Everyone gets so excited about a new year, but really is all that pep, vigor and exhilaration (I got a new thesaurus for Christmas!) justified?

New this, new that; we have been brainwashed since birth that new is always good: Look at the cute newborn! Like my new shoes! I need a new boyfriend!
On the other hand, we are also subtly brainwashed that there’s nothing like the old. What a lovely old home! This usually means that the authentic hardwood floors creak, the heating bills are $800 a month because there is no insulation, and the appliances constantly explode because the wiring was done by a 1920s carnie who was between jobs.
The first Star Wars was retroactively subtitled “A New Hope.” What was wrong with the old hope? Why did they have to come up with a new one? Could it be that if the rebels had stuck to the old hope then perhaps Darth Vader wouldn’t have been able to manipulate their force-flexible ever-changing minds so easily? I’m just saying.
There is the new beginning of a new year. Well, what exactly is wrong with the old stuff? A new year for some means a fresh start, a way to wash out the egregious mistakes of the past year and start with a clean slate, to devise and execute a plethora of newly minted mistakes.
Then there is New England. Are you going to sit there and tell me that New England is better than Old England? I’ve been to both and it’s no contest. I will take fish and chips so oily you could get the current administration to drill in them over thick and creamy (this also describes many cabinet members in the aforementioned administration) clam chowder, which is also very tasty but, and this is the deal breaker, does not come wrapped in The Daily Telegraph.

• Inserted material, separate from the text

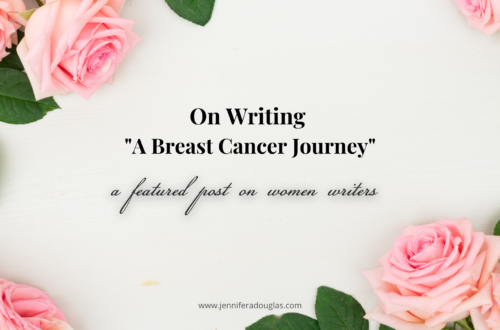 Pink roses on white background. Text reads "On Writing A Breast Cancer Journey- a featured post on Women writers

I haven’t been to the UK in a while; it does make me wonder if fish and chips are now wrapped in Instagrams.
But I digress.
I write this listening to the newly remastered Sgt. Pepper’s Lonely Heart’s Club Band, rightly considered by many honorable people as the greatest album of all time. Yet, even though I am reveling in the sonic boldness of this beautifully remastered version, a little (old) part of me longs for the skips, hisses and crackles of my vinyl LP version.
And you knew this was coming: I have only to write two fateful words to make an iron clad argument that new does not always mean better: New Coke. To say any more would be to beat the proverbial dead horse.
I find the arbitrary notion of January 1 being the beginning of all things new just a tad arrogant, therefore I am making no adjustments to my life and/or behavior until March 23, when I will dutifully make a list of old year’s resolutions. Things I have already accomplished, of course, making success pretty much a given.
We also have a new president, but can anyone make a compelling, or even coherent, case that this new version is an improvement on the old one?
And what of new potatoes? Where do they get off calling themselves new anyway? They’ve been around for hundreds of years and the temerity to imply that these little newfangled potatoes are any better than the old ones? The ones that fought along side our ancestors at Saratoga, at Gettysburg, at McDonald’s? What has happened to the starch of today?
Even the word “new” itself has stumbled into a quagmire — add an “s” and you have “news,” but is that news new news, old news, or fake news? And shouldn’t fake news be an oxymoron? Or are oxymorons merely the people who use the phrase “fake news?”
In any case, remember March 23 is just around the corner-ish, so make your old year’s resolutions, like completing the Atkins Diet, starting those Jazzaerobics classes and investing heavily in Netscape.
And let us all remember that new isn’t always as new as new would have you think. In the immortal words of Pete Townshend, “Meet the new boss. Same as the old boss.”